Sebenarnya sudah beberapa kali diadakan pertemuan antara warga dengan manajemen perusahaan namun belum juga menemukan penyelesaian, termasuk pada 16 Juli 2009 di Kutai Kartanegara.
"Karena beberapa kali pertemuan, tidak ada titik terang menyelesaikan masalah ini, maka perlu campur tangan pemerintah daerah, sehingga kasus ini tidak berlarut-larut karena kita khawatir menimbulkan dampak sosial," imbuh dia.
"Hasil audit lingkungan hidup dan sosial juga harus disosialisasikan kepada publik terutama masyarakat yang terkena dampak langsung dari operasional pertambangan PT. Kitadin," imbuh dia.

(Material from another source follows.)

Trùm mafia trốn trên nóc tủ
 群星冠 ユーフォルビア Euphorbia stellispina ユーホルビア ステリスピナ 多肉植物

Perusahaan dengan pemilik saham dominan dari Thailand itu dalam beberapa tahun terakhir telah meresahkan dan menimbulkan masalah terhadap masyarakat desa sekitarnya.
Persoalan lingkungan yang dikeluhkan warga, antara lain masalah banjir yang kerap melanda daerah itu sejak hadirnya perusahaan tersebut.
Banjir tersebut dinilai warga menimbulkan dampak langsung akibat kerusakan tanaman warga yang umumnya adalah eks-trans dari Pulau Jawa karena terendam banjir yang berulang-ulang mendera daerah itu.
"Selain banjir di areal pertanian milik masyarakat, juga terjadi sedimentasi sungai alam yang dipergunakan warga sebagai kebutuhan irigasi persawahan diduga akibat hadirnya perusahaan tambang tersebut," ujar dia.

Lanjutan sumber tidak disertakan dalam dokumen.